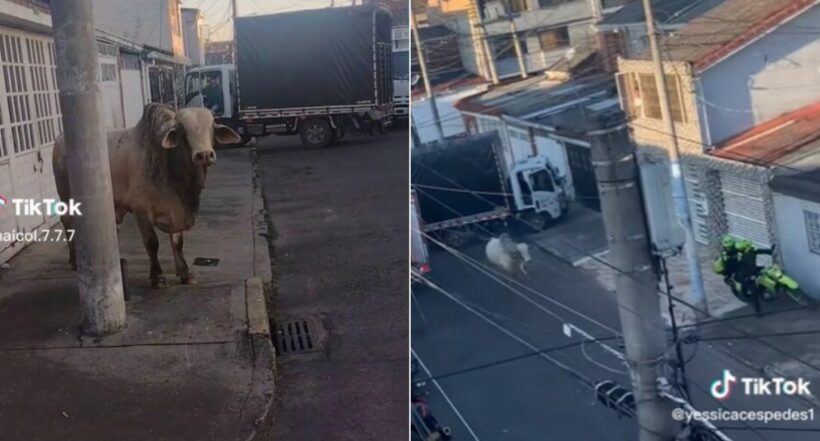 
El toro que correteó a dos patrulleros de la Policía en Bogotá y que se viralizó en redes sociales fue rescatado por una fundación animalista.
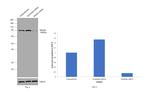 Mitofilin Antibody in Western Blot (WB)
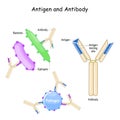 Antibody and Antigen. Humoral immunity Royalty Free Stock Photo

* **Directions for this task**:
Write out all the data exactly, minus pictures.

* **Solution below**:
El toro que correteó a dos patrulleros de la Policía en Bogotá y que se viralizó en redes sociales fue rescatado por una fundación animalista.
 Mitofilin Antibody in Western Blot (WB)
 Antibody and Antigen. Humoral immunity Royalty Free Stock Photo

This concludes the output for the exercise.